Up Your FPGA Game By Learning From This LCD Control Prototype

[Cesar] recently got a PSP display up and running with his FPGA development board. That’s a nice project, but what we really like is that he set aside a lot of time to show how it’s done every step of the way. This isn’t just a tutorial on that particular screen, but an overview of the skill set needed to get any piece of hardware working.

The screen itself is a Sharp LQ043T3DX02; a 480×272 TFT display with 16 million colors. Not bad for your project but when you start looking into the control scheme this isn’t going to be like using a Nokia screen with an Arduino. It takes twenty pins to control it; Red, green, and blue take sixteen pins, four pins are used for control, the rest are CK, DISP, Hsync, Vsync.

Wisely, [Cesar] designs his own interface board which includes the connector for the ribbon cable. It also has drivers for the screen’s backlight and supplies power to the device. With hardware setup complete he digs into the datasheets. We just love it that he details how to get the information you’re looking for out of this document, and shows his method of turning that first into a flow chart and then into code for the FPGA.

10 thoughts on “Up Your FPGA Game By Learning From This LCD Control Prototype

  1. I hope that this does not constitute hijacking a thread. What would be invaluable is an FPGA programmed to do the exact inverse of what is presented here. There are surely hundreds of people like me who desperately wish to scrape data off of an LCD without designing one-off hardware to do the chore. ‘Any experienced FPGA jockey out there up to the task?

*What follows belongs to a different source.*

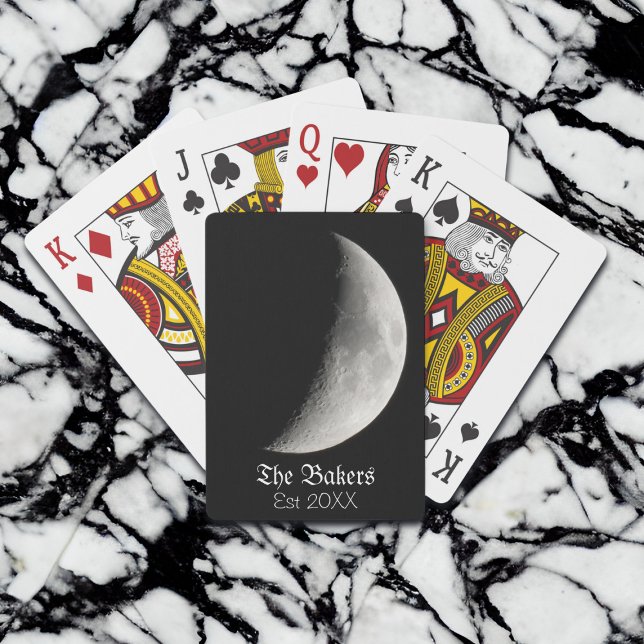 Jeu De Cartes Demi-lune Gros plan Photographie personnalisée (Créateur téléchargé)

  2. Bob, just as that would require one off hardware it’d need a one of fpga design. But it’d be, should be that is, very easy to do.

    Ren, maybe the 4 control pins are CK, DSP, HS and VS? They do control the screen after all.

    In many ways I think interfacing hardware with FPGAs is easier than bitbanging once you grok them. It’s just that few people are more familiar with HDLs than other programming languages by the time they get their hands on a PLD.

  3. Ren’s point is that 16 + 4 + 4 = 24 pins, not 20.

    I assume that “scrape data off an LCD” means reading data off the bus to reconstruct what’s being shown. Alex is right, you’d need custom programming for most cases.

    You could probably develop an FPGA scraper for a few common LCD controller chips, but it wouldn’t be universal.

    Someone might also be able to program an FPGA to analyze the bus data and reverse-engineer the unknown protocol + timing, but it’s not going to be me.

    1. I meant maybe he counted the 4 control pins twice as in 16 RGB + 4 control pins (i.e. DSP, CLK, HS, VS)

      Also, HAD guys I accidently clicked the report comment button when I meant reply! Sorry :)

  4. People have been trying for years to get these screens (PSP screens) working without buying a super expensive controller board for it (~$100 for the controller alone)… Glad to see someone making progress at the very least.

  5. Good job for displaying a static image with this project.

    I am currently looking at building something similar, but needed the image to be animated which requires updating the frame buffer. From what I can tell, the onboard RAM is being used as a single port frame buffer. If you want to change the image stored in RAM, you’d need a second RAM port connected to a micro/softcore processor.

    Has any development gone into this or can anyone suggest a similar hardware IC that can handle the PSP pixel resolution? Microchip makes a PIC24 that can handle QVGA, but that only has 96Kb frame buffer data.

    Thanks

  6. Nice job. The data lines look similar to a VGA signal except with the extra clock and display pins, and the RGB are in parallel 565 mode digital lines instead of analogue. I bet it wouldn’t take too much to modify the PSP display output lines to output to DVI or VGA displays.

    I don’t know how to use Verilog or VHDL but the more I see these achievements, the more it interests me. Although, it looks difficult/long-winded to define each component correctly, not sure.

    For the 9 MHz clock, couldn’t he just multiply 50 MHz by 45 and divide by 250 to get 9 instead? Maybe I misunderstood?